Uitspraak
19 2500 WIA
PROCESVERLOOP
OVERWEGINGEN
BESLISSING
- wijst het verzoek om veroordeling tot vergoeding van wettelijke rente af.
Centrale Raad van Beroep
In deze zaak heeft de Centrale Raad van Beroep op 5 augustus 2020 uitspraak gedaan in hoger beroep over de mate van arbeidsongeschiktheid van appellant, die zich had ziek gemeld met psychische klachten. De Raad beoordeelde of het Uitvoeringsinstituut werknemersverzekeringen (Uwv) de mate van arbeidsongeschiktheid van appellant terecht had vastgesteld op 41,39% per 23 mei 2018. De rechtbank Zeeland-West-Brabant had eerder het beroep van appellant ongegrond verklaard, waarbij werd vastgesteld dat het medisch onderzoek voldoende zorgvuldig was uitgevoerd en dat er geen reden was om te twijfelen aan de conclusies van de verzekeringsartsen.

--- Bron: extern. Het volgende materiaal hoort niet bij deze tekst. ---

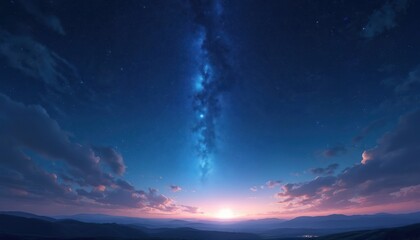 Fototapeta premium Enchanting night sky with myriad stars illuminates serene landscape. Cosmic wonder, celestial beauty, dreamy horizon, deep blue gradient, peaceful scene. Nature scene, dark blue, purple, pink hues.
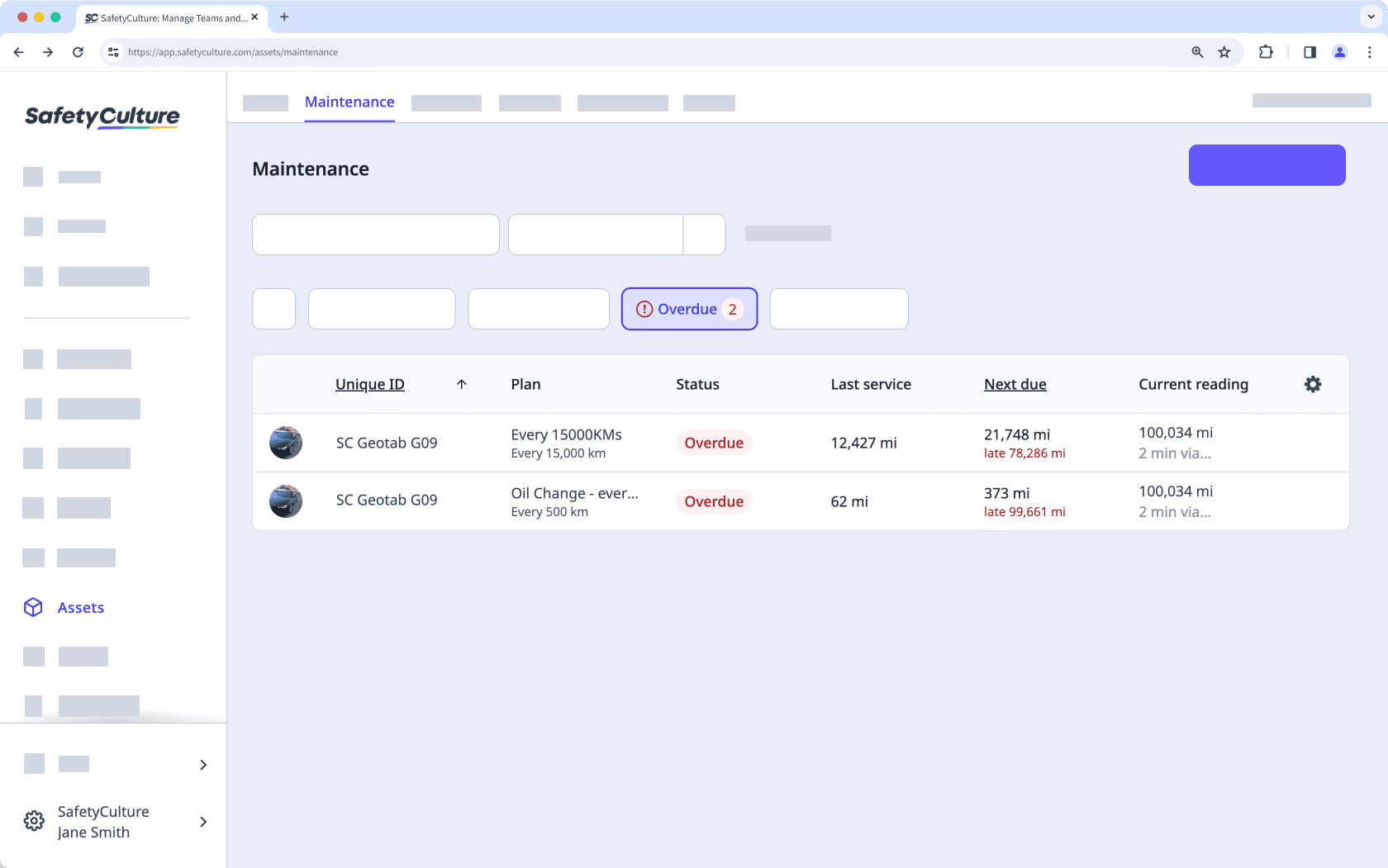 Affichez les plans en retard via l'application Web.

Appellant voerde aan dat hij volledig arbeidsongeschikt was en dat de geselecteerde functies niet geschikt waren. Hij verwees naar het arrest Korošec en stelde dat er sprake was van een schending van het beginsel van equality of arms, omdat hij niet in staat was om voldoende medische informatie te overleggen door financiële beperkingen. De Raad oordeelde echter dat appellant voldoende gelegenheid had gehad om zijn standpunt te onderbouwen en dat er geen aanwijzingen waren dat medische informatie ontbrak.
De Raad volgde de rechtbank in haar oordeel dat het medisch onderzoek zorgvuldig was en dat de geselecteerde functies in medisch opzicht geschikt waren voor appellant. Het hoger beroep van appellant werd afgewezen en de aangevallen uitspraak werd bevestigd. Tevens werd het verzoek om schadevergoeding in de vorm van wettelijke rente afgewezen.